First Time Capability in 7,000 Years of Accounting

For the first time ever in about 7,000 years of accounting, a financial statement can be exchanged between two parties and portions of the information within that statement can be effectively understood by a machine.  Today, both humans and to some extent machines can understand financial statements and work with that information.

As Denise Schmandt-Bessersat in her video on the origin of writing, between 5,000 and 10,000 years ago farmers in Mesopotamia, where agriculture was born, used physical object to count crops and animals . The distinction between types of crops or animals was made by using different types and shapes of objects pressed into clay.  It was around that time, in about 3200 BC, around 5,000 years ago, the first spreadsheet was invented. Below you see an example, a Cuneiform tablet with seal impressions: administrative account of barley distribution with cylinder seal impression of a male figure, hunting dogs, and boars:

These farmers replaced the pressing of objects into clay with the marking of clay by scribes using styles, writing using Cuneiform.  The clay tablets eventually gave way to papyrus which was lighter than the clay.  Papyrus gave way to other mediums like bamboo stalks in some cases, linen, parchment, and paper.  Accounting using this mechanism was our first communications technology.

That all changed in July 2002 when 27 Dutch Association of Water Boards provided the first ever public implementation of XBRL. (See here for more information.) Today, as of this writing, there are 216 regulators that have implemented XBRL based reporting systems. Millions of companies report using the global standard XBRL technical format.

What is different now is that machines, such as computers running software, can to a degree read and understand the meaning conveyed by an XBRL-based digital financial statement.

The era of digital financial reporting has begun. Financial reporting standards setters are beginning to leverage machine-readable semantics. Proficiency of accountants is not where it needs to be yet, but it will get there.

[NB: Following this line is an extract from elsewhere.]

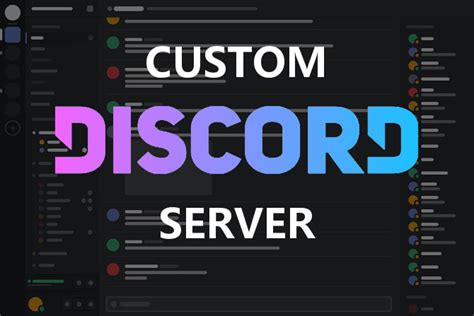 Professional Custom Discord Server By Jimothydiscord Fiverr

Consider the implementations of this for a moment. What does this mean for financial accounting, reporting, auditing, and analysis?  A general purpose financial statement is effectively an information product; maybe even a knowledge product that might even be convertible into a decision product or service.  Hype aside; This same idea developed by accountants for financial reporting have implications for general business reporting and information exchange.

Refer to these reports as XBRL-based reports, logical twins, digital twins, mirror worlds, holographic financial information system, or whatever.  This has profound implications for the institution of accountancy globally.